*** Record set Section Begins ***

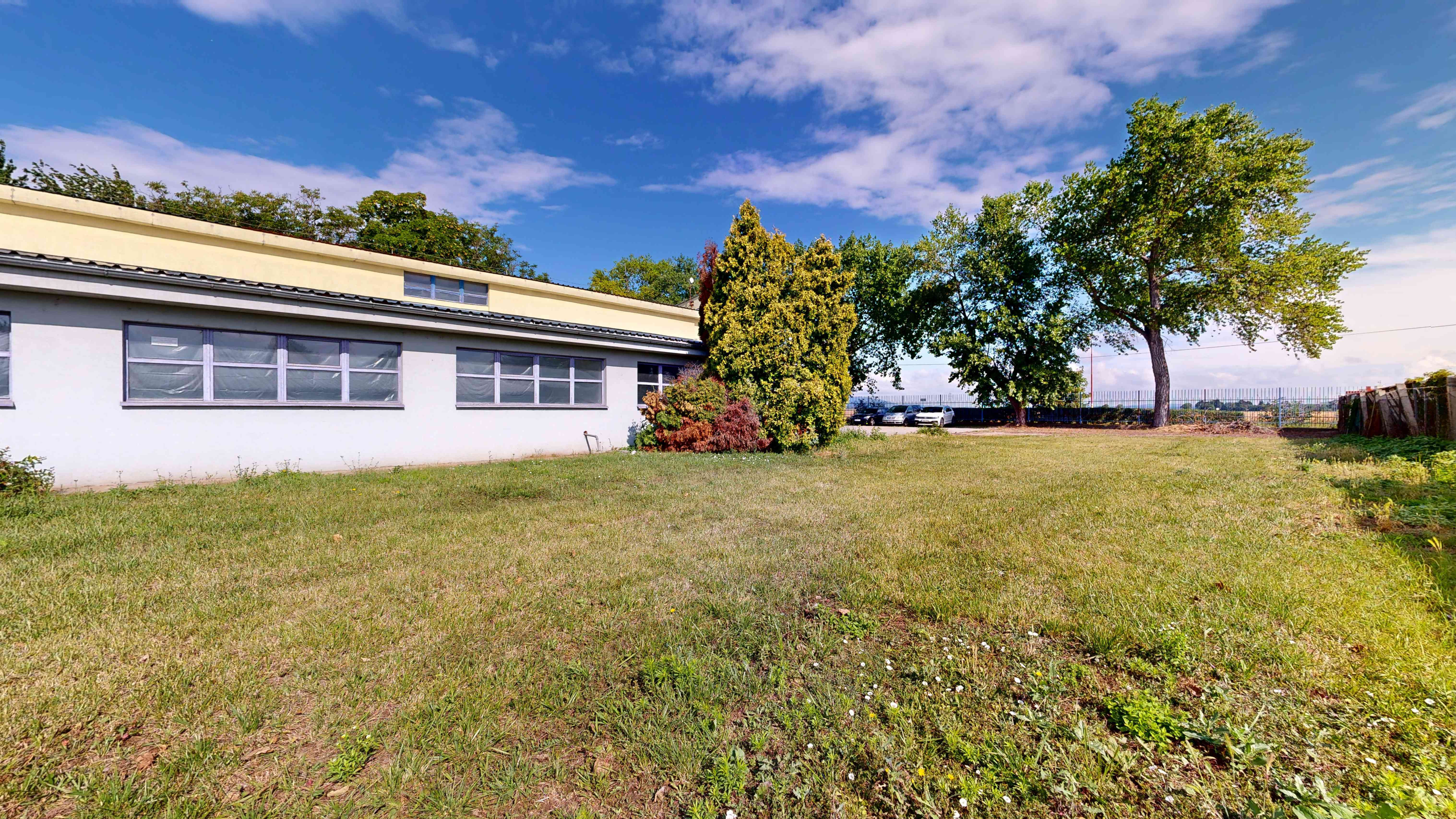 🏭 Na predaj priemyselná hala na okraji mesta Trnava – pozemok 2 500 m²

*** Record set Section Ends ***
*** Record set Section Begins ***

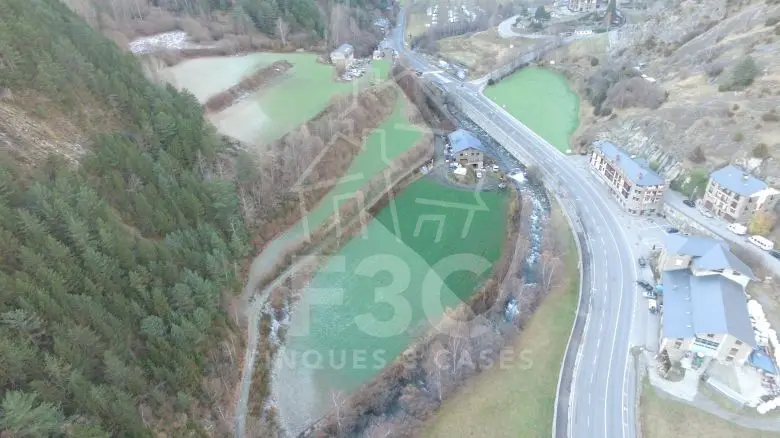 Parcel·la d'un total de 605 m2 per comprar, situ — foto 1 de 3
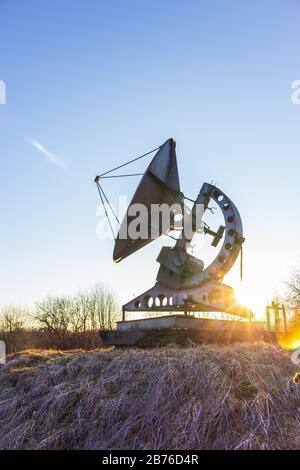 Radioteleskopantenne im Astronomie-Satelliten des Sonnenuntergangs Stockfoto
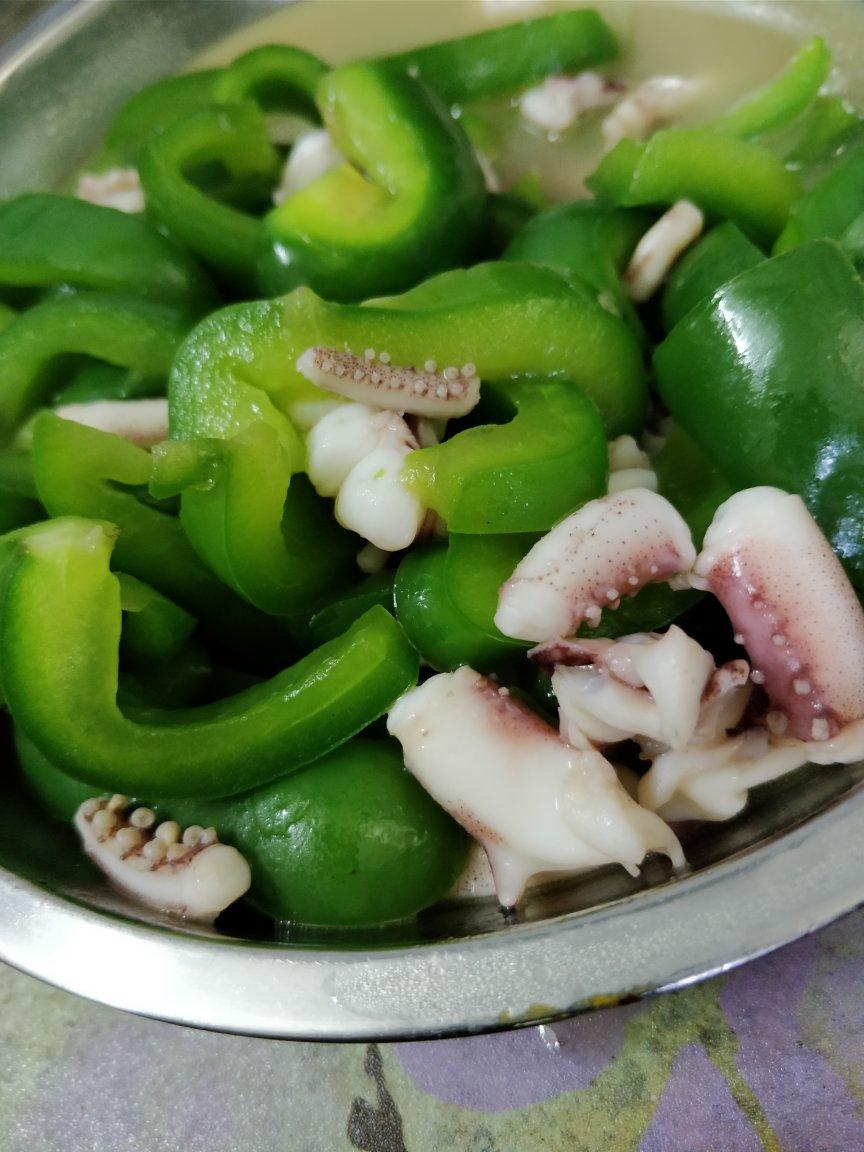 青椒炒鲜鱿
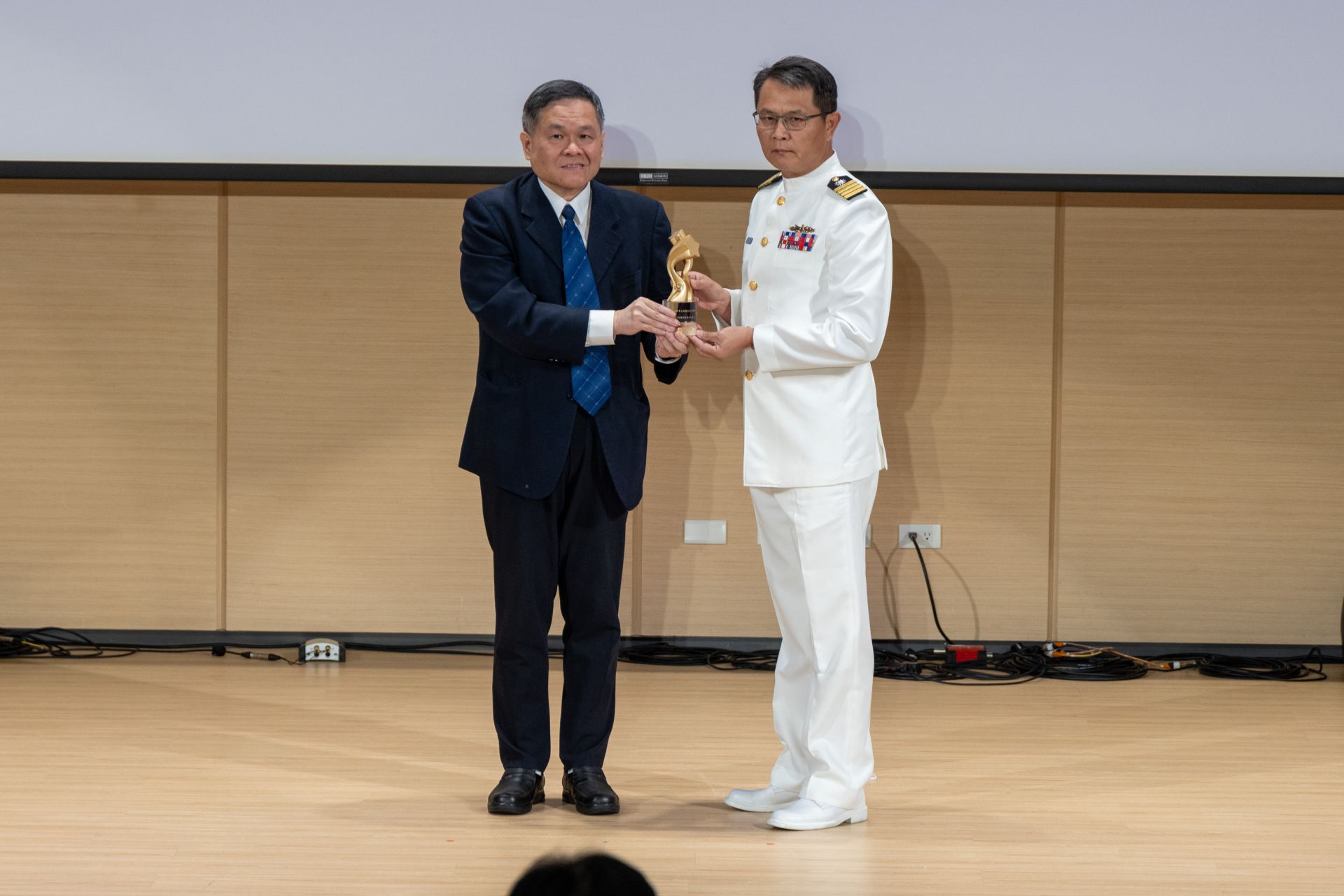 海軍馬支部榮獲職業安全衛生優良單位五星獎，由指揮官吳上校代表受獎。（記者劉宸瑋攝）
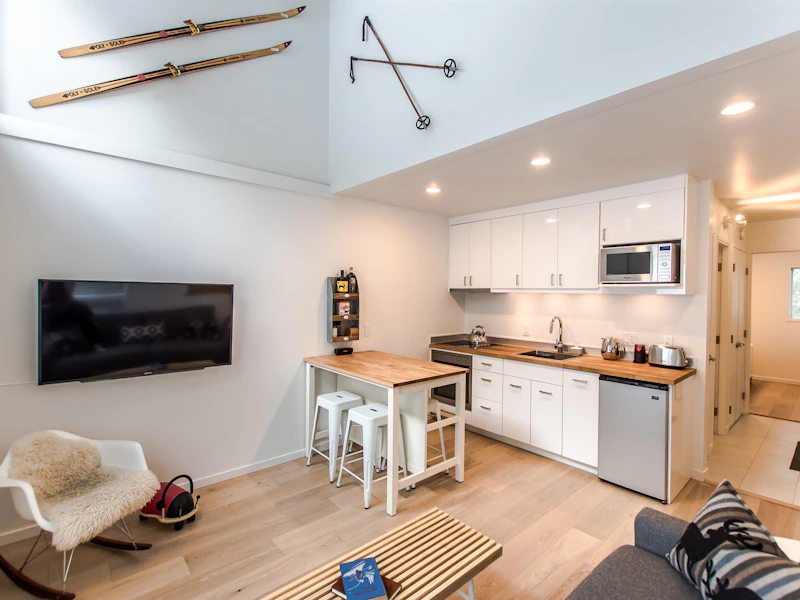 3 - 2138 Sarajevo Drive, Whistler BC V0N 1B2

*** Record set Section Ends ***
*** Record set Section Begins ***

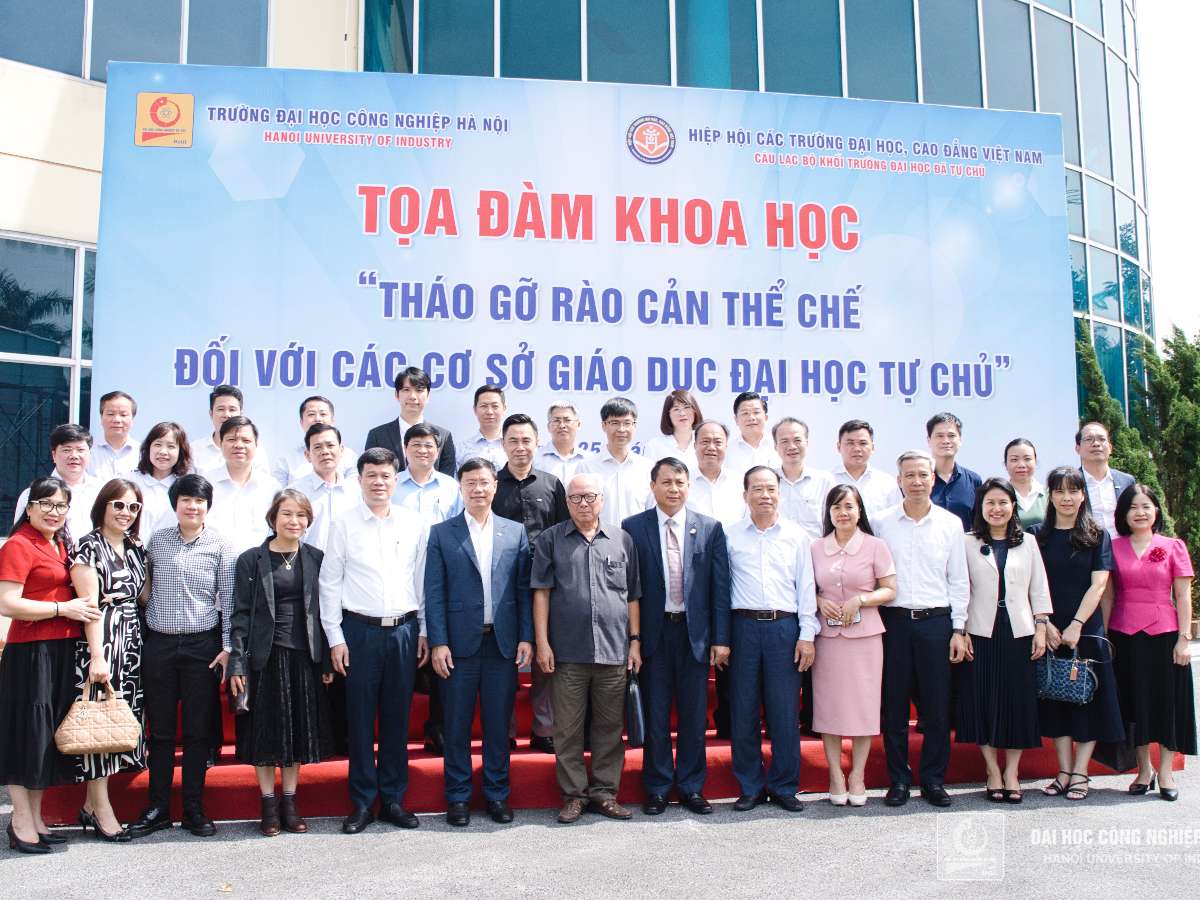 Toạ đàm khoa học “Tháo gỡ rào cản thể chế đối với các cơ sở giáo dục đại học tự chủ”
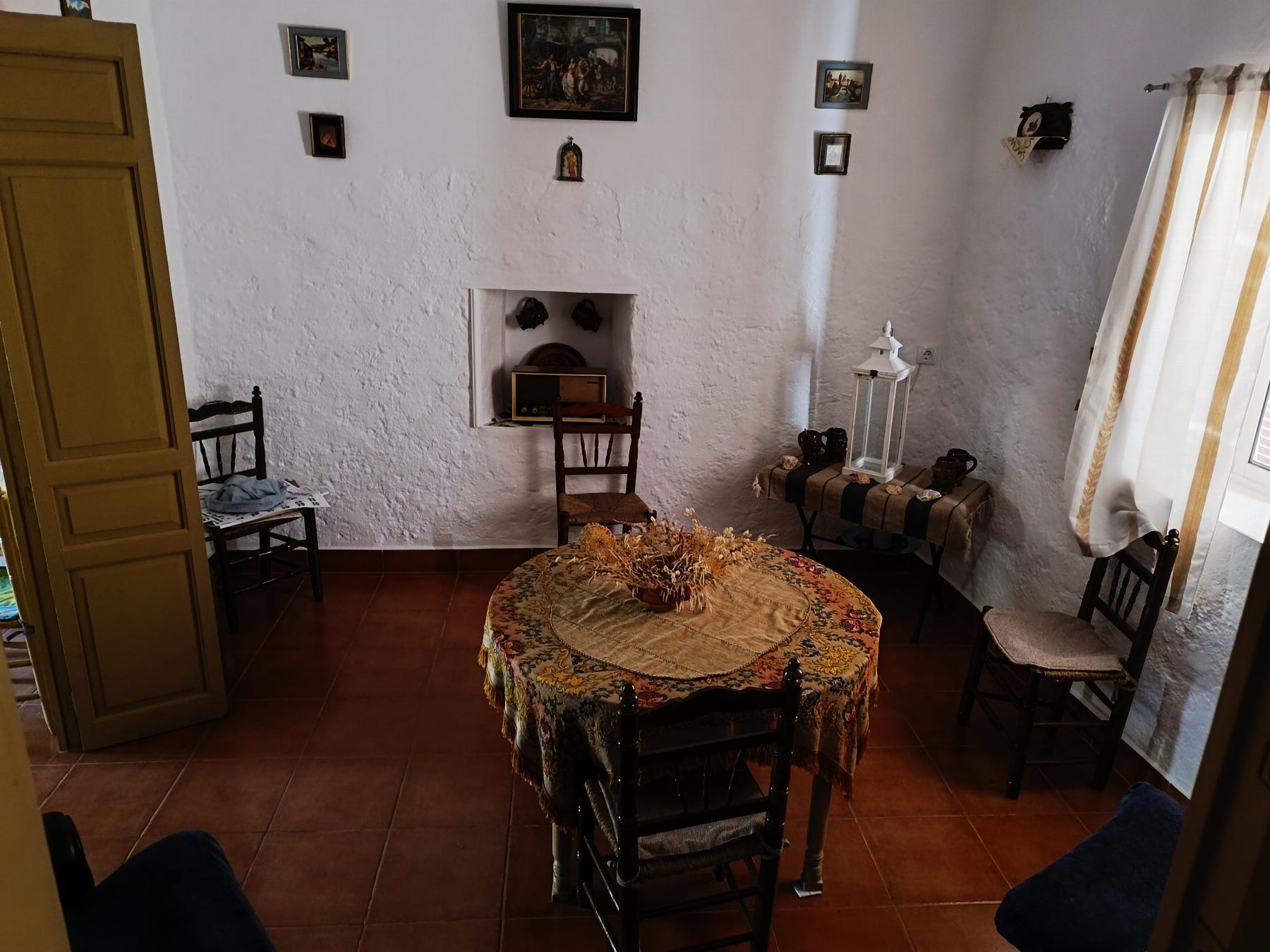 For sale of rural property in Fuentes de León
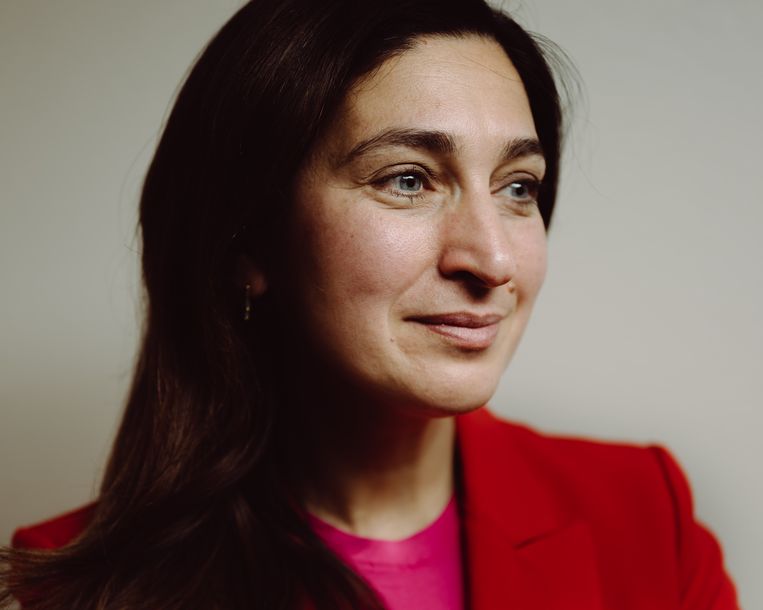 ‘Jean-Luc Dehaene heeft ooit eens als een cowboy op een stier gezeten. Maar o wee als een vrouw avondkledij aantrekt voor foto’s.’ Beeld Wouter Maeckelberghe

*** Record set Section Ends ***

- Task details
In the listing above, find the line containing "Parcel·la d'un total" and the line containing "3 - 2138 Sarajevo Drive, Whistler BC V0N 1B2", then return both of them and every line between, exactly, without pictures.

- Result below
 Parcel·la d'un total de 605 m2 per comprar, situ — foto 1 de 3
 Radioteleskopantenne im Astronomie-Satelliten des Sonnenuntergangs Stockfoto
 青椒炒鲜鱿
 海軍馬支部榮獲職業安全衛生優良單位五星獎，由指揮官吳上校代表受獎。（記者劉宸瑋攝）
 3 - 2138 Sarajevo Drive, Whistler BC V0N 1B2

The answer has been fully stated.